# Pompano plan cuts bag limits



## Kozlow (Oct 25, 2002)

Pompano plan cuts bag limits


By next winter's season, chances are your daily bag limit for pompano will be cut in half, from 10 to five fish. 

The bag limit reduction for recreational anglers is part of a proposed package by the state Fish and Wildlife Conservation Commission to curtail over-fishing for the popular ocean fish, which is highly valued as table fare. 

Lee Schlesinger, a spokesman for the FWC, said a recent stock assessment concluded that pompano is over fished on both coasts of Florida, despite the 1995 net ban. 

"Prior to 1995, commercial harvests accounted for approximately 70 percent of pompano landings," Schlesinger said. "Today, recreational fishermen catch more than 60 percent of pompano in Florida." 

In east central Florida, pompano are taken year round along the surf and in the Indian River Lagoon, but their numbers increase substantially during the winter months when the pompano becomes a primary target of surf fishermen. In addition to the increase in recreational catches, commercial landings and fishing mortality has risen to a point even higher than prior to the net ban, the study shows. Since the net ban there has been a large increase in reported commercial landings from federal waters, which is three miles offshore on the Atlantic coast, and nine miles offshore on the Gulf coast. 

State scientists want to reduce harvests by about 10 percent, and that can be achieved by lowering the bag limit to five fish daily. Under the pompano rule, permit are included, and the five-fish limit would be an aggregate limit. Few permit are caught in this part of the state, however. 

The FWC also wants to reduce the commercial trip limit in state waters from 250 pompano to 175 fish, and apply this limit to federal waters as well. This would result in a 7 percent reduction in the annual commercial harvest. 

Gill net fishermen with a pompano endorsement fishing in federal waters between Cape Sable and Hurricane Pass off the coast of southwest Florida would not be affected by the trip limit reduction under the proposal. 

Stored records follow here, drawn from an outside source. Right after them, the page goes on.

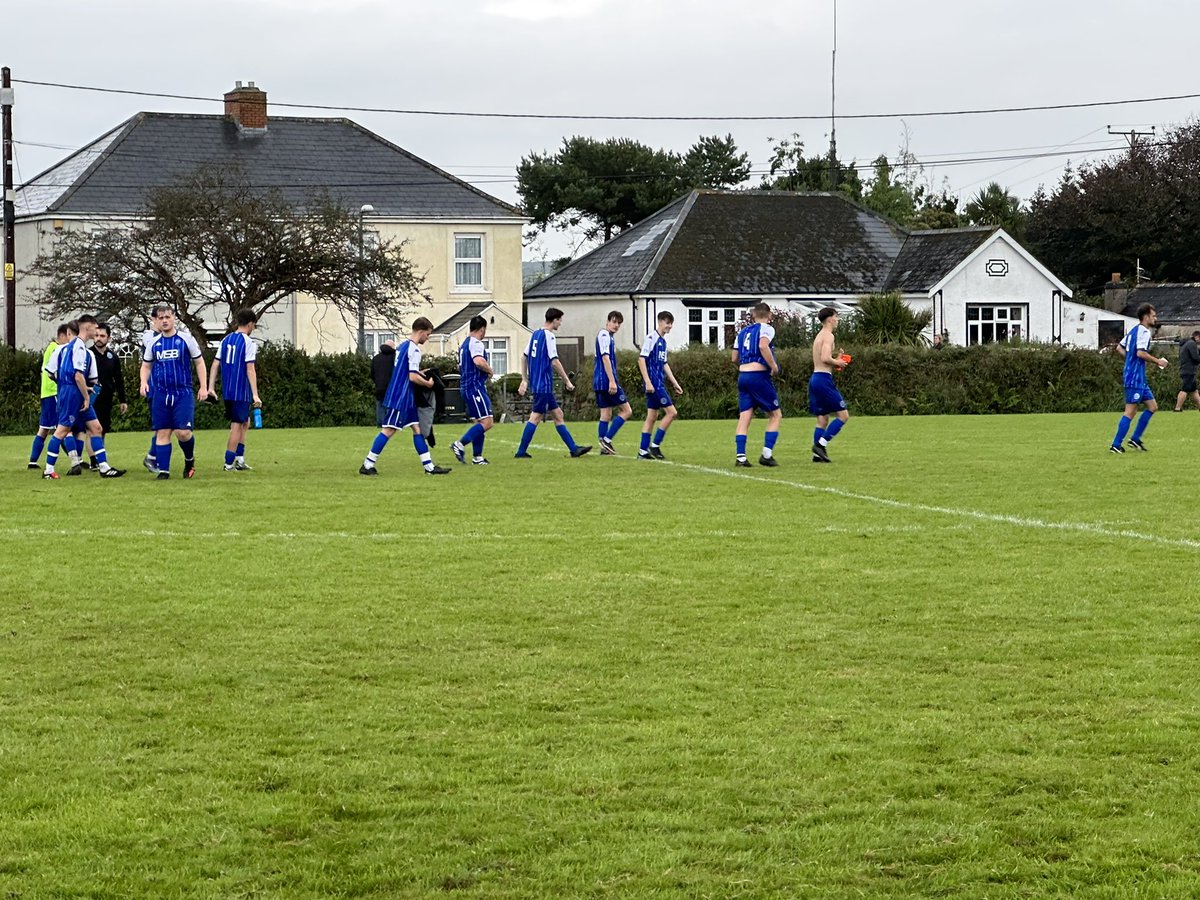 Helston AFC Development II (@helstonafcdevii) on Twitter photo ⏹️ FULL-TIME: And you can see why Praze are one of the favourites for this League.
Deserved winners! 👏🏼👏🏼👏🏼
🟩 <a href="/prazefc/">Praze FC 🔰</a> 6
🟦 <a href="/HelstonAFCDevII/">Helston AFC Development II</a> 0
🟩 6-0 🟦 / #NextGen #NewEra #COYB
@hafc_bluesfood <a href="/swsportsnews/">South West Sports News</a> <a href="/sportscornwall/">Cornwall Sports Media</a> <a href="/HelstonAFC/">Helston Athletic FC</a> ⏹️ FULL-TIME: And you can see why Praze are one of the favourites for this League.
Deserved winners! 👏🏼👏🏼👏🏼
🟩 <a href="/prazefc/">Praze FC 🔰</a> 6
🟦 <a href="/HelstonAFCDevII/">Helston AFC Development II</a> 0
🟩 6-0 🟦 / #NextGen #NewEra #COYB
@hafc_bluesfood <a href="/swsportsnews/">South West Sports News</a> <a href="/sportscornwall/">Cornwall Sports Media</a> <a href="/HelstonAFC/">Helston Athletic FC</a>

The current minimum size limit for pompano is 10 inches fork length, and the maximum size limit is 20 inches. Recreational anglers may keep one pompano exceeding the 20-inch maximum. The sale of pompano less than 10 inches, or greater than 20 inches, is prohibited. 

A final public hearing on the proposed pompano rule will be scheduled during the FWC's May 28 to 30 meeting at Kissimmee. 


The FWC also is proposing a rule to manage and protect silver mullet, especially on the Atlantic coast where the fishing pressure is highest. 

Unlike the black, or striped mullet, currently the harvesting of silver mullet is unregulated, although certain net specifications and fishing area restrictions apply. 

The black mullet for recreational fishermen is managed by a 50-fish-a-person daily bag limit, with a 100 fish maximum a vessel from Feb. 1 through Aug. 31. From Sept. 1 through Jan. 31, the 50-fish limit also applies to each vessel. 

"What we're trying to do is take the silver mullet and roll it into the black mullet regulations, and make it all the same," Schlesinger said. 

The silver mullet also would be designated as a restricted species, and it would be closed to commercial harvesting during weekends from July 1 through Jan. 31, statewide. 

The same recreational bag limits as the black mullet would apply to the silver mullet. 

Schlesinger said the only difference in the rules would be a commercial harvest closure of silver mullet on the Atlantic coast during February each year. 

"This closure, combined with the commercial weekend closure, could reduce commercial harvest by as much as 17 percent," Schlesinger added. 

The silver, or white mullet, is difficult to distinguish from the black mullet, especially when they are similar in size. Usually, the silver mullet is lighter in color and with less vivid stripes. The edge of the tail of the silver mullet is edged in black, appearing as a black "V," while the tail of the black mullet is dark overall. 


A final public hearing on the mullet rule also will be scheduled at the FWC's May 28 to 30 Kissimmee meeting. 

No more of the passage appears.